As you know,regular expression is very import in text processing.I had never noticed the “link break” in the regular expression.when i matched my “multiple line” regular expression against the string,i found that the line break in both the regular expression and the string to match will affect the match result.below is the detail.
PCRE(Perl-Compatible Regular Expression) for example,let’s take a close look at two special pattern modifier,below is the explanation from php manual document for both PCRE_MULTILINE and PCRE_DOTALL modifier:
- m (PCRE_MULTILINE)
- By default, PCRE treats the subject string as consisting of a single “line” of characters (even if it actually contains several newlines). The “start of line” metacharacter (^) matches only at the start of the string, while the “end of line” metacharacter ($) matches only at the end of the string, or before a terminating newline (unless D modifier is set). This is the same as Perl. When this modifier is set, the “start of line” and “end of line” constructs match immediately following or immediately before any newline in the subject string, respectively, as well as at the very start and end. This is equivalent to Perl’s /m modifier. If there are no “\n” characters in a subject string, or no occurrences of ^ or $ in a pattern, setting this modifier has no effect.
- s (PCRE_DOTALL)
- If this modifier is set, a dot metacharacter in the pattern matches all characters, including newlines. Without it, newlines are excluded. This modifier is equivalent to Perl’s /s modifier. A negative class such as [^a] always matches a newline character, independent of the setting of this modifier.

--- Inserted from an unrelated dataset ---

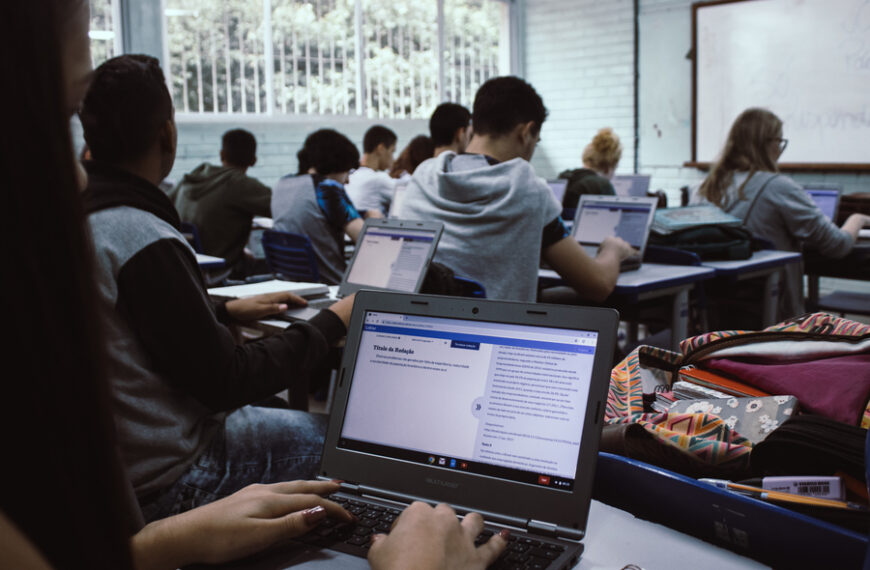 Студенты с ноутбуками в классе на занятии, обучаются онлайн.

so regular expression can match multiple line string and it will be affected by m and s pattern modifier.we do not need to define a regular expression in multiple line like this,thought it’s ok in syntax:
$pattern = “/\| Domain: .*$domainstr.*
\| Expired domain: .*
\| Ip: \d+\.\d+\.\d+\.\d+
\| UserName: .*
\| PassWord: .*
/”;
however,we can rewrite it in this way:
$pattern = “/\| Domain: .*$domainstr.*(\r)?\n(\| Expired domain: .*?(\r)?\n)?\| Ip: \d+\.\d+\.\d+\.\d+(\s\(n\))?(\r)?\n(\| HasCgi: y(\r)?\n)?\| UserName: .*(\r)?\n\| PassWord: .*/i”;
The line break depends on system.so it will affect the match result.so we need to pay more attention when define the regular expression.